Morningstar has unveiled the latest analysis tool for investors:
Risk Analyzer. This new feature is designed to assist investors with analyzing risks to their portfolio,
Mark Wright, director of tools and portfolio content at the firm, told the MutualFundWire.com.
The tool is intended to identify which investments are the riskiest and provide adjustments for the risk levels in a given portfolio. The service provides a graph to illustrate what that investor could loose in a bear market.

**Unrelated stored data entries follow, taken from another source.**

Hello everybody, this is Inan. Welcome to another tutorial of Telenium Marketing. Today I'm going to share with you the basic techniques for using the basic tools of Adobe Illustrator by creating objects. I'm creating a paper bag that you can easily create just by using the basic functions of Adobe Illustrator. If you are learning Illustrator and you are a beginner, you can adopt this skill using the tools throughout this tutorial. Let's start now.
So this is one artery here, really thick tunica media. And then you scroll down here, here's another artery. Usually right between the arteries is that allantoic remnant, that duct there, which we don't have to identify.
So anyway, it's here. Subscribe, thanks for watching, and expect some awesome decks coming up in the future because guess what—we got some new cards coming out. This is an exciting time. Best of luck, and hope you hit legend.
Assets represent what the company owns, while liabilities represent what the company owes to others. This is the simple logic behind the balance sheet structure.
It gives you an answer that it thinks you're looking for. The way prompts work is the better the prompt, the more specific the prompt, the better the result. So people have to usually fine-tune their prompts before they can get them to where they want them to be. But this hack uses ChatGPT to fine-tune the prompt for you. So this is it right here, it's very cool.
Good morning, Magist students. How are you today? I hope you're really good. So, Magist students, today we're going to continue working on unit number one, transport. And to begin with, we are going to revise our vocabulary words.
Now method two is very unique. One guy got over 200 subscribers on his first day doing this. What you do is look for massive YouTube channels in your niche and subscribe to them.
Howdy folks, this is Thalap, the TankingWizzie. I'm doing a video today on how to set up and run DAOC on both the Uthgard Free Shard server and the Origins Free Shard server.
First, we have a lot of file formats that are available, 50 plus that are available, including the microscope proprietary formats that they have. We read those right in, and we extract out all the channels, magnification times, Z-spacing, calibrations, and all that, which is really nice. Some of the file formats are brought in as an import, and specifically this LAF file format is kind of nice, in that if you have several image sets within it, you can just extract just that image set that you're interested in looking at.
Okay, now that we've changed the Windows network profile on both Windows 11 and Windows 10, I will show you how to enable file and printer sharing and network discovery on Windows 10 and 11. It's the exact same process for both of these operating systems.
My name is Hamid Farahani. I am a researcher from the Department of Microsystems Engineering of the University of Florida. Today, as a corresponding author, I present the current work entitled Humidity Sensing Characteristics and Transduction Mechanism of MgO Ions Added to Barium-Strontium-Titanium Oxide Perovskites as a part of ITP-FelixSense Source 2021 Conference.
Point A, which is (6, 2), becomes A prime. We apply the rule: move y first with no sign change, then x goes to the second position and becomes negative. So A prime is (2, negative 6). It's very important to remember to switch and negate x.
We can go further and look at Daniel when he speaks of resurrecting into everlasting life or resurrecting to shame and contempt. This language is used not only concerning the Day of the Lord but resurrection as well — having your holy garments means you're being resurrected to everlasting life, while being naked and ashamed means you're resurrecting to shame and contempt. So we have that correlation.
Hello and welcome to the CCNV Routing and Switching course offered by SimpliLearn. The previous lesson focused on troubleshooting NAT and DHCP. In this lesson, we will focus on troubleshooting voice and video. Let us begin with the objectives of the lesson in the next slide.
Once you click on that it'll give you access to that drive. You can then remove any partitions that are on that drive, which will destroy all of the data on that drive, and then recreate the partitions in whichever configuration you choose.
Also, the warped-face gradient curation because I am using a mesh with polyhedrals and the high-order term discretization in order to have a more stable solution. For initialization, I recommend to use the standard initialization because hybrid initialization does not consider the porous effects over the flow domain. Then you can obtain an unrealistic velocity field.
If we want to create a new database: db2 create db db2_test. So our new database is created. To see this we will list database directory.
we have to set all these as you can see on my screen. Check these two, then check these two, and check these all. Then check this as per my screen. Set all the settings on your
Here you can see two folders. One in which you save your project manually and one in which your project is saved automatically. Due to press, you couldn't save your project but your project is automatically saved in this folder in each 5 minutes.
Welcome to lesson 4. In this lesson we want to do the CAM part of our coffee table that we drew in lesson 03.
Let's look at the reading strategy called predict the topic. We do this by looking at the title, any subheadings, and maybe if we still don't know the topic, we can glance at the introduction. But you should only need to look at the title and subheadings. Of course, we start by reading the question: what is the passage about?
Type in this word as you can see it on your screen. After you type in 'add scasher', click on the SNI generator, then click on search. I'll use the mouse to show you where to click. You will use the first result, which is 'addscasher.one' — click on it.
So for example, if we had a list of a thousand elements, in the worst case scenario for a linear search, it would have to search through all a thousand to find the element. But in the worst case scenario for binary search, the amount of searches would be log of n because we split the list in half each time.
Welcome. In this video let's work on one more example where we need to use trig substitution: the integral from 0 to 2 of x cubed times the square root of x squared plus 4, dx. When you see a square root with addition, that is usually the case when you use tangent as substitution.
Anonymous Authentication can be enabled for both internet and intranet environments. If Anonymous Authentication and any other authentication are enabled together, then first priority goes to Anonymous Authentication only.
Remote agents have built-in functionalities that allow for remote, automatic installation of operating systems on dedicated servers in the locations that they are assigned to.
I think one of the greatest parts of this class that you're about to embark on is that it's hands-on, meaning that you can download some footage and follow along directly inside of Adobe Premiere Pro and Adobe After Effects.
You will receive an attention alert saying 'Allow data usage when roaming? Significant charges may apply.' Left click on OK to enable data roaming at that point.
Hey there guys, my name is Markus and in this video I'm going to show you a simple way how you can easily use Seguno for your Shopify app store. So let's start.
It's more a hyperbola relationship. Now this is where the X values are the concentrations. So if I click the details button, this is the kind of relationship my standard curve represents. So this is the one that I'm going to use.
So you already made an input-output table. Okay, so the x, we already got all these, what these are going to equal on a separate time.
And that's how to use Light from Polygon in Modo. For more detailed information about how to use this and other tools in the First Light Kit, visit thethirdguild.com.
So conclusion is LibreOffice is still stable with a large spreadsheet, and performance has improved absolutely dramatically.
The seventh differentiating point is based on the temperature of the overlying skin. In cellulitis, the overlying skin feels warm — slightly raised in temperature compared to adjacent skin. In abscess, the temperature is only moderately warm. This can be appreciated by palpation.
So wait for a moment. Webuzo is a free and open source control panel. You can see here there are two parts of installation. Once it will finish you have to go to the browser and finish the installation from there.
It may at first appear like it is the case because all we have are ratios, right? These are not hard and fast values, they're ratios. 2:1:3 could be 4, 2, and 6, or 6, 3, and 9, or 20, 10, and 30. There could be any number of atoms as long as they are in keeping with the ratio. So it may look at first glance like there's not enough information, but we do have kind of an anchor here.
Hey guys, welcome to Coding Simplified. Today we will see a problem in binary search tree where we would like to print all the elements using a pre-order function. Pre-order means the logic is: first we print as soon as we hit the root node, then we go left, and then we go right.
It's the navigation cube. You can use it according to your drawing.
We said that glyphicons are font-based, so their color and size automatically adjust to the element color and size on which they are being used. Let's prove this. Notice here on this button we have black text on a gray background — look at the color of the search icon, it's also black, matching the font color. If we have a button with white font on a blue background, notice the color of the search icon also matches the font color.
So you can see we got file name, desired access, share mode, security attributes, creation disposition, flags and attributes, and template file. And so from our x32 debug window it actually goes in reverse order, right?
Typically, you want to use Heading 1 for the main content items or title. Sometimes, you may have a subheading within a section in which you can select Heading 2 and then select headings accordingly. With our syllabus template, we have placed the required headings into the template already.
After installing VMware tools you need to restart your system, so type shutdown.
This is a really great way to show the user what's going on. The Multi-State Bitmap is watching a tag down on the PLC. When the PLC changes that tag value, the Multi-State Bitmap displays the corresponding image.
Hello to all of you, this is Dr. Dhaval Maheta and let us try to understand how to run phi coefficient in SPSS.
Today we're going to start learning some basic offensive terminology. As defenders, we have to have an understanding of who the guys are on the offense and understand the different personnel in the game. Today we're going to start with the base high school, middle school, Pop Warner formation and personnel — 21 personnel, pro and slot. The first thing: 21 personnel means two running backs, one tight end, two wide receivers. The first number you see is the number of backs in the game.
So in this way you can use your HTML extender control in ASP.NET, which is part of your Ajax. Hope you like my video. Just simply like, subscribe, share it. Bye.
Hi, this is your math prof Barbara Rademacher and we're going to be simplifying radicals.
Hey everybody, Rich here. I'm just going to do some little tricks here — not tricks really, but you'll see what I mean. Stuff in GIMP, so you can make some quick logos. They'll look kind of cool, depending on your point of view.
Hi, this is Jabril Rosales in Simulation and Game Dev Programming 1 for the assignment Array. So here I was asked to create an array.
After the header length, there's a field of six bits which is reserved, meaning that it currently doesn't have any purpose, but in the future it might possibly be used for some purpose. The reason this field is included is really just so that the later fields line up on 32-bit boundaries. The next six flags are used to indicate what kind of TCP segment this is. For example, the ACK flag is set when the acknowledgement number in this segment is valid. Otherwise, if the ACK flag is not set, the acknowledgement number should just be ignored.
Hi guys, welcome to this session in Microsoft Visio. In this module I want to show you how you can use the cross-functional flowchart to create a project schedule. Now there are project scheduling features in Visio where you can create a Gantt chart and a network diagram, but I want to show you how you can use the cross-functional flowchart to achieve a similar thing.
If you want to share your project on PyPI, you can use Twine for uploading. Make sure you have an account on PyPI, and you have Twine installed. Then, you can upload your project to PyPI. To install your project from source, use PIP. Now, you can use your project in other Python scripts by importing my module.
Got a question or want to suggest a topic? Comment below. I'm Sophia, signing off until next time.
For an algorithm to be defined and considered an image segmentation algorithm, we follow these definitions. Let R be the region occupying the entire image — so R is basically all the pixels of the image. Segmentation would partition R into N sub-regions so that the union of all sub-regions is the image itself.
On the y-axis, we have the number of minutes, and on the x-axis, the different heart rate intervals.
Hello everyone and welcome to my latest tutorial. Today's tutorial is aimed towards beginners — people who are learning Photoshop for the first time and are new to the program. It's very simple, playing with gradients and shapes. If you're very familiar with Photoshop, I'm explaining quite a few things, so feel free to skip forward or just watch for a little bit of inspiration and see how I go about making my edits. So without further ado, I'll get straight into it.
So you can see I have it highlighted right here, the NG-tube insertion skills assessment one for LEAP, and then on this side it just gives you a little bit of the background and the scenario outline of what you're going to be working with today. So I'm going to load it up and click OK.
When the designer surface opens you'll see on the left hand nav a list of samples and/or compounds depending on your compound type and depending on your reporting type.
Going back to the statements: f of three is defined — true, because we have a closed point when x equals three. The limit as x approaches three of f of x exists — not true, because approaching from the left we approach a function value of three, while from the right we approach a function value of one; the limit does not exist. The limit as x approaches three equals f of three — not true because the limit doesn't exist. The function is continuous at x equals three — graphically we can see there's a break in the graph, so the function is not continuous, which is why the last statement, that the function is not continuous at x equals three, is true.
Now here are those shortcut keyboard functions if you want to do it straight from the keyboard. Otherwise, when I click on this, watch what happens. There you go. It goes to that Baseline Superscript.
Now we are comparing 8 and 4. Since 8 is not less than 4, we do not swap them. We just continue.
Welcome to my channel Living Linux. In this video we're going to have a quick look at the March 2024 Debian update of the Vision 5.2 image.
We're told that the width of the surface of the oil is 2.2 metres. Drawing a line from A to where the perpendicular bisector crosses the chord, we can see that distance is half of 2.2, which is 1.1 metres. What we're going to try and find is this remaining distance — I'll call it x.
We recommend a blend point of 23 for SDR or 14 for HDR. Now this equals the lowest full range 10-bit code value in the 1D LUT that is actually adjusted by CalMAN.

"Investing is always a balancing act between risk and return," Wright, reported. "Now
we've tipped the scales in investors' favor with a tool that removes the
guesswork. And we've done it in a straightforward, meaningful way. Instead of
displaying abstract measures that can confuse investors, Risk Analyzer shows
potential dollar losses for a particular portfolio, something everyone can
easily understand."
The Risk Analyzer is a free service, but users must register with Morningstar. It can only be used for portfolios that are entered into the web service.
"Risk Analyzer models the historic performance of each of the holdings in the portfolio," the executive continued. "It analyzes how they interact. And there are two ways you can go when you get the results. You can change holdings manually, or you can utilize an automated mechanism."
"We are looking to create more efficient portfolios. We want to help the investor answer two questions: how much risk am I taking with my portfolio? and can I make a better portfolio? What is unique about this system is that it looks at individual holdings and not asset classes," he contended.
Wright also stated that the Risk Analyzer would be perfect for 401(k) participants who might be nervous about their plans and who were looking to see if they were properly diversified.